## YOUR ASSIGNMENT
Please output the section of the listing below that opens with the line containing "HR profil fotoğrafı" and closes with the line containing "Tarım ÜFE Temmuz ayında %1,71 arttı", exactly and with nothing else.

## MATERIAL FOR THIS TASK
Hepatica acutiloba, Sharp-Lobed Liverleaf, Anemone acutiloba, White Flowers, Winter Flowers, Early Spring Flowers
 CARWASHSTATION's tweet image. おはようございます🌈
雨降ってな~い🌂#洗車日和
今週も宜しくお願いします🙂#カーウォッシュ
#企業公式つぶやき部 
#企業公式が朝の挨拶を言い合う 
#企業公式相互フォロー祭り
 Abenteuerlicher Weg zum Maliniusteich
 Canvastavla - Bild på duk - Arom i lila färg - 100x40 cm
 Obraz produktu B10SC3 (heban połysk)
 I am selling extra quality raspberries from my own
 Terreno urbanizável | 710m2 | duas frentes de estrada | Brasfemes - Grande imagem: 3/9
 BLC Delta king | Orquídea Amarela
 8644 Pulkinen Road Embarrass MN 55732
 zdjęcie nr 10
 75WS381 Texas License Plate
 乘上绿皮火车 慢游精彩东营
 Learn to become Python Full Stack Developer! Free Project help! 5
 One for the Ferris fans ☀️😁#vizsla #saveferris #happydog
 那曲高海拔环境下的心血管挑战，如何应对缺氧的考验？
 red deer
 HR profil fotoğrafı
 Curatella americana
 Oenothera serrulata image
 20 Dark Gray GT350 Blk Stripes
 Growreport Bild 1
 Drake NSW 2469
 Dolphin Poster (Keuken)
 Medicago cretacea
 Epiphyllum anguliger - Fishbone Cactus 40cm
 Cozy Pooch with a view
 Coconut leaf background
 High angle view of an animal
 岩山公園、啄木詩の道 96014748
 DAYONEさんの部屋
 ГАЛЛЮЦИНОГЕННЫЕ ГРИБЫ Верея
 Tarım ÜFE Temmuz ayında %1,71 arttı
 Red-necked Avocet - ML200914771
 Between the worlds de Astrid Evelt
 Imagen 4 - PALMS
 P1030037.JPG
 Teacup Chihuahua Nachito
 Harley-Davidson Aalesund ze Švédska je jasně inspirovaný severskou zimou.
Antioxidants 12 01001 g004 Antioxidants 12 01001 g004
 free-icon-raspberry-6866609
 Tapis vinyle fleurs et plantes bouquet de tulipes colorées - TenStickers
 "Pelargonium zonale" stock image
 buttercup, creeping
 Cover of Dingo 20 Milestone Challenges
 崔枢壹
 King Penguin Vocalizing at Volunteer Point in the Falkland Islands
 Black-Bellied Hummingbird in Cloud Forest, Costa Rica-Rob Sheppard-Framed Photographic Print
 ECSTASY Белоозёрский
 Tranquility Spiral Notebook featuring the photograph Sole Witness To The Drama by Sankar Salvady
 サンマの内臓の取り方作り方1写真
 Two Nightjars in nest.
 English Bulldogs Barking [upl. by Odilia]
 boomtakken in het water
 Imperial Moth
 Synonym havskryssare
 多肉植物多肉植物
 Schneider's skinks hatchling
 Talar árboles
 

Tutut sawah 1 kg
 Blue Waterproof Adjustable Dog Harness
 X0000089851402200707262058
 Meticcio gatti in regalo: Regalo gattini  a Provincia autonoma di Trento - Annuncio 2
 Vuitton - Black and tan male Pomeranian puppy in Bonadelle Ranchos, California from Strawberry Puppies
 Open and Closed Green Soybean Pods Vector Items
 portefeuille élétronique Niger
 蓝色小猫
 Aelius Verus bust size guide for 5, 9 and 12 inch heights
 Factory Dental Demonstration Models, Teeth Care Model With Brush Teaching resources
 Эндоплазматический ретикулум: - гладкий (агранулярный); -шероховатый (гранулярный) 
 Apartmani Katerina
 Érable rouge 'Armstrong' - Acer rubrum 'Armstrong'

## EXERCISE RESULT
 HR profil fotoğrafı
 Curatella americana
 Oenothera serrulata image
 20 Dark Gray GT350 Blk Stripes
 Growreport Bild 1
 Drake NSW 2469
 Dolphin Poster (Keuken)
 Medicago cretacea
 Epiphyllum anguliger - Fishbone Cactus 40cm
 Cozy Pooch with a view
 Coconut leaf background
 High angle view of an animal
 岩山公園、啄木詩の道 96014748
 DAYONEさんの部屋
 ГАЛЛЮЦИНОГЕННЫЕ ГРИБЫ Верея
 Tarım ÜFE Temmuz ayında %1,71 arttı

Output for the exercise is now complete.